Batch run example code

Here will go through an example where we change some code to use optuna. You can find the code here.

Installation

The code relies on anaconda. Create an environment by running

$ conda env create -f environment.yml

Once this is done, activate the envioronment by running

$ conda activate hpo_workshop

Now we need to make the code in the archive available. After extracting the files, go to the directory you extracted them to and run

$ pip install -e .

This installs the partorch package into the active anaconda environment and makes it globally available in the environment.

Optimizing hyper parameters

The example implements a simple Long Short-Term Memory (LSTM) network on a binary sequence prediction dataset. The sequences are molecules encoded in the SMILES format and the prediction target is whether they risk penetrating the Blood Brain Barrier or not.

The network is defined in the file hpo_workshop/rnn.py and implemented pytorch, in this example we’re mainly interested in the initialization of the network:

class RNNPredictor(nn.Module):
    def __init__(self, *, tokenizer, device, embedding_dim, d_model, num_layers, bidirectional, dropout, learning_rate, weight_decay) -> None:
        super().__init__()
        self.tokenizer = tokenizer
        self.device = device
        self.embedding = nn.Embedding(tokenizer.get_num_embeddings(),
                                    embedding_dim=embedding_dim,
                                    padding_idx=0)
        self.recurrent_layers = nn.LSTM(input_size=embedding_dim,
                                        hidden_size=d_model,
                                        num_layers=num_layers,
                                        bidirectional=bidirectional,
                                        dropout=dropout,
                                        )
        self.num_directions = 1
        if bidirectional:
            self.num_directions = 2
        self.output_layers = nn.Sequential(nn.Dropout(dropout), nn.Linear(self.num_directions*d_model, d_model), nn.ReLU(), nn.Dropout(dropout), nn.Linear(d_model, 1))
        self.loss_fn = nn.BCEWithLogitsLoss()
        self.optimizer = AdamW(self.parameters(), lr=learning_rate, weight_decay=weight_decay)
        self.to(self.device)

    def forward(self, sequence_batch, lengths):
        embedded_sequences = self.embedding(sequence_batch)
        packed_sequence = pack_padded_sequence(embedded_sequences, lengths, enforce_sorted=False)
        output, (h_n, c_n) = self.recurrent_layers(packed_sequence)
        final_state = h_n[-1]
        if self.num_directions == 2:
            final_state = torch.cat((final_state, h_n[-1]), dim=-1)
        logits = self.output_layers(final_state)
        return logits

    def loss_on_batch(self, batch):
        sequence_batch, lengths, labels = batch
        logit_prediction = self(sequence_batch.to(self.device), lengths)
        loss = self.loss_fn(logit_prediction.squeeze(), labels.to(self.device))
        return loss

    def train_batch(self, batch):
        self.train()
        self.optimizer.zero_grad()
        loss = self.loss_on_batch(batch)
        loss.backward()
        self.optimizer.step()
        return loss.item()

    def eval_batch(self, batch):
        self.eval()
        with torch.no_grad():
            loss = self.loss_on_batch(batch)
            return loss.item()

    def eval_and_predict_batch(self, batch):
        self.eval()
        with torch.no_grad():
            sequence_batch, lengths, labels = batch
            logit_prediction = self(sequence_batch.to(self.device), lengths)
            loss = self.loss_fn(logit_prediction.squeeze(), labels.to(self.device))
            prob_predictions = torch.sigmoid(logit_prediction)
            return loss.item(), labels.cpu().numpy(), prob_predictions.cpu().numpy()

As you can see, we’re taking the hyper parameters of the network as keyword arguments to the __init__ method.

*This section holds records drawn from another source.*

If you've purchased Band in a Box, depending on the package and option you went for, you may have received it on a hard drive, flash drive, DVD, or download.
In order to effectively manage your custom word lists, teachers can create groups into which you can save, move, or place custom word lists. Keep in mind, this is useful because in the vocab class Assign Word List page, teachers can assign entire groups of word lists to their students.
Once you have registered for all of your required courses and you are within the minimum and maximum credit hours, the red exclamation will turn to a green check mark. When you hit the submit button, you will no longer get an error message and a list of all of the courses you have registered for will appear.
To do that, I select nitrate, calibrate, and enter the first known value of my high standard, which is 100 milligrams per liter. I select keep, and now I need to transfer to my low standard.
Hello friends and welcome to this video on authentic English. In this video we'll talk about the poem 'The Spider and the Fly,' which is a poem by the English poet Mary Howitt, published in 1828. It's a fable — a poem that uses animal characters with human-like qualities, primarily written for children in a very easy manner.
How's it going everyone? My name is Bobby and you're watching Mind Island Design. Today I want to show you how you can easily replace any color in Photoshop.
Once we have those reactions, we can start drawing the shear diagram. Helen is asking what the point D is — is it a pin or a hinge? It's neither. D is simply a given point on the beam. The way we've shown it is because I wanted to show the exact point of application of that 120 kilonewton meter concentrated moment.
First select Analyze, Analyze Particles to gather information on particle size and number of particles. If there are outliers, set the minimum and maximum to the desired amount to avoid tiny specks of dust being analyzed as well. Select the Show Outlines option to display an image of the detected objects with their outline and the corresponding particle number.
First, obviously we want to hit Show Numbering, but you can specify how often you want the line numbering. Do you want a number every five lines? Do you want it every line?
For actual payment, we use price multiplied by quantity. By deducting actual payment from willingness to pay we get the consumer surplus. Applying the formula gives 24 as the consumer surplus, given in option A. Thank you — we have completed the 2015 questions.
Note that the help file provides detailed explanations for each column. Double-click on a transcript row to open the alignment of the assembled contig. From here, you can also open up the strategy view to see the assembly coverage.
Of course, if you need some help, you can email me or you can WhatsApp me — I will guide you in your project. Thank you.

Our goal is to find good settings for these hyper parameters.

Manual hyper parameter Optimization

First we start with the basic “Grad Student Descent” example in scripts/basic_neural_network.py. The important part is given in the training loop:

skf = StratifiedKFold(n_splits=n_folds, shuffle=True, random_state=args.random_seed)
for visible_index, heldout_indices in skf.split(smiles_list, labels):
    tb_writer = SummaryWriter('basic_runs')

    visible_labels = [labels[i] for i in visible_index]
    train_indices, dev_indices = train_test_split(visible_index, stratify=visible_labels, shuffle=True, test_size=0.2, random_state=args.random_seed)

    train_dataloader = get_dataloader(smiles_list=smiles_list, labels=labels,  indices=train_indices,
                                      tokenizer=tokenizer, batch_size=batch_size, num_workers=num_workers, shuffle=True)
    dev_dataloader = get_dataloader(smiles_list=smiles_list, labels=labels,  indices=dev_indices,
                                    tokenizer=tokenizer, batch_size=batch_size, num_workers=num_workers)
    heldout_dataloader = get_dataloader(smiles_list=smiles_list, labels=labels,  indices=heldout_indices,
                                        tokenizer=tokenizer, batch_size=batch_size, num_workers=num_workers)

    model_kwargs = dict(tokenizer=tokenizer, device=device)

    model_hparams = dict(embedding_dim=128,
                         d_model=128,
                         num_layers=3,
                         bidirectional=True,
                         dropout=0.2,
                         learning_rate=0.001,
                         weight_decay=0.0001)

    heldout_roc_auc = train(train_dataloader=train_dataloader, dev_dataloader=dev_dataloader, test_dataloader=heldout_dataloader, writer=tb_writer,
                            max_epochs=max_epochs, model_class=RNNPredictor, model_args=tuple(), model_kwargs=model_kwargs, model_hparams=model_hparams)

    tb_writer.close()

Here we are manually setting hyper parameters and then training our models with these. Using tensordboard we can essentially track how good they are. These runs will be stored in basic_runs so you need to run tensorboard like:

$ tensorboard --logdir=basic_runs

Try running the experiment a couple of times while changing hyper parameters and see if you can get better results.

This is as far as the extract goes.